Check MMF to determine whether mouse 3 has moved. Then, when the mouse 3 moves, "2" is set in the key counter 18, and when it does not move, "0" is set. If the bit is not in error, the contents of the key counter 18 are decremented after processing the input data. Therefore, if the contents of the key counter 18 are "2", "1", or "0", the input data is identified as mouse X data, mouse Y data, and key code, respectively, and the CPU 12 reads the data. Perform each process at the time of input. For example, mouse X data and mouse Y data are added to or subtracted from X and Y data indicating the current mouse position according to the direction of movement, and the X and Y data after movement are set in registers 16 and 17, respectively. . The key code is referred to the conversion table 13 based on the set mouse key status, is converted into a character code by the conversion table 13, and is stored in the key buffer 14.

By the way, in this embodiment, USART is used as the communication interface 11, but it is only necessary to have a shift register that receives serial data, and when one piece of keyboard data is received in this shift register, it is sent to the CPU 12. All you have to do is interrupt. Also, connect the signal line 20 to the CPU
12 ports may be directly connected.

(G) Effects of the Invention According to the present invention, the data sent from the keyboard is accurately captured without making a mistake in the order, so that malfunctions do not occur in the processing of the CPU in the information processing section. Furthermore, since no identification information is inserted into each data section, effective data transfer is possible.

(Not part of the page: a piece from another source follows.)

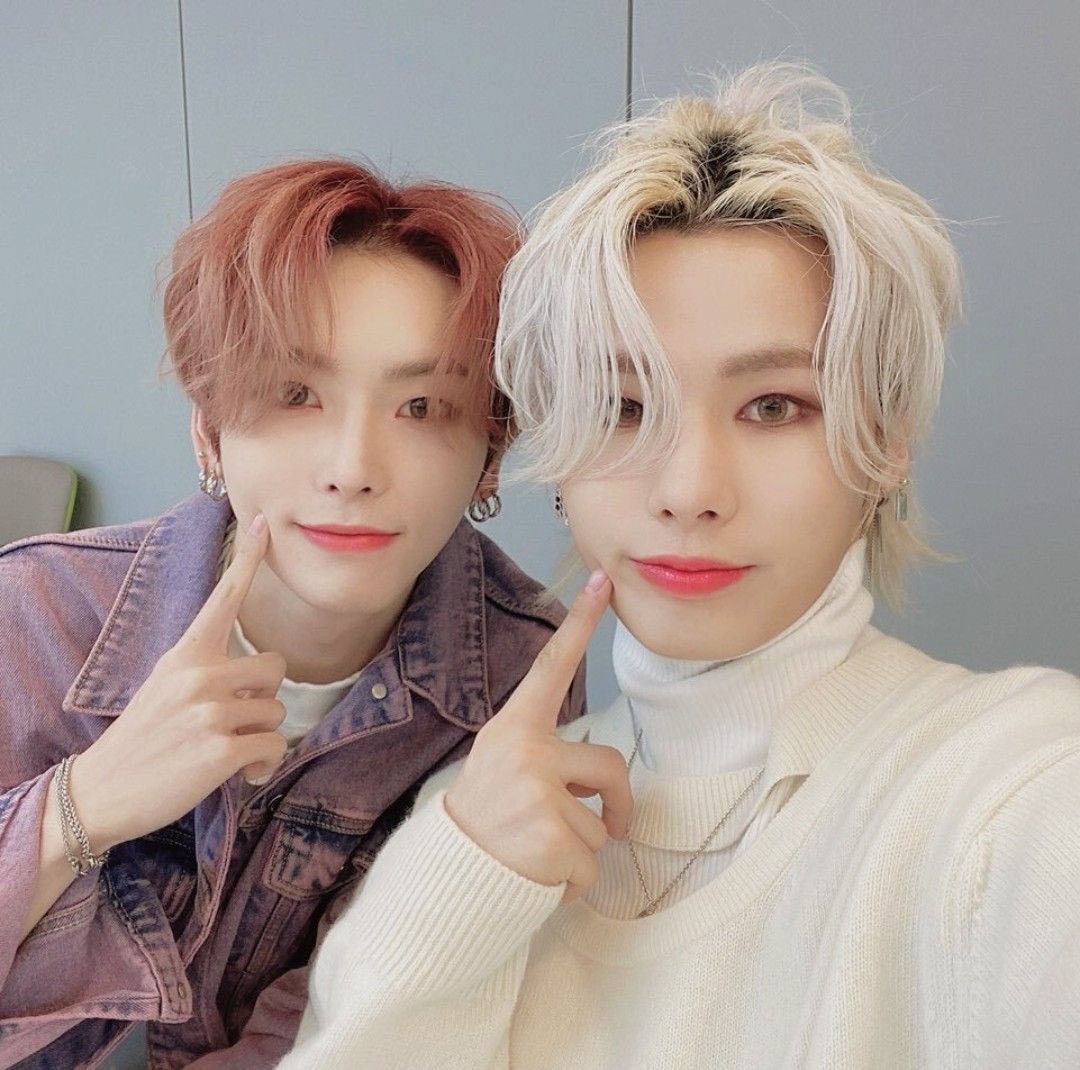 O2THlNKER's tweet image. HAPPY BIRTHDAY RANO! 🤍

@ELASTofficial #WONHYUK #ELAST #엘라스트 #원혁 #RANO #라노 #HAPPYRANODAY #WinterSunRanoDay #라노에대한_우리사랑은_에버래스팅 #해피라노데이 #다정함이_죄라면_라노는_무기징역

[Brief explanation of the drawing]

FIG. 1 is a block diagram showing the configuration of an embodiment of the present invention, FIG. 2 is a diagram showing the format of keyboard data, FIG. 3 is a flowchart showing the processing contents of the keyboard controller, and FIG. 4 is a level check routine. Flowchart showing the contents, Figure 5 is a flowchart showing the processing contents of the CPU, Figure 6
7 and 7 are timing charts showing how data is transferred between the keyboard and the information processing section. Explanation of main figure numbers: 1...Keyboard, 2...Information processing section, 3...Mouse, 10...Keyboard controller, 12...CPU, 18...Key counter.

Claims (1)

[Claims] 1 Status regarding the pointing device and keys including operation information indicating whether the pointing device is operating, X data and Y data indicating the amount of movement of the pointing device in the X direction and Y direction, respectively, and corresponding to the pressed key. A keyboard that sequentially prioritizes key codes and serially outputs only data related to the operation from among the plurality of input data when a pointing device or key is operated; and an information processing unit that receives data from the keyboard. and setting the parity bit to error or normal only when the status is sent from the keyboard, and providing means for determining the parity bit when inputting data in the information processing section, and identifying the status based on the determination, Furthermore, if the input data is determined to be in the above-mentioned status, a predetermined value is set according to the operation information, and if it is determined that the input data is not in the above-mentioned status, a value corresponding to the data of the next priority is set. 1. An input data identification method comprising: a key counter; the X data, Y data, and key code are each identified according to the contents of the key counter.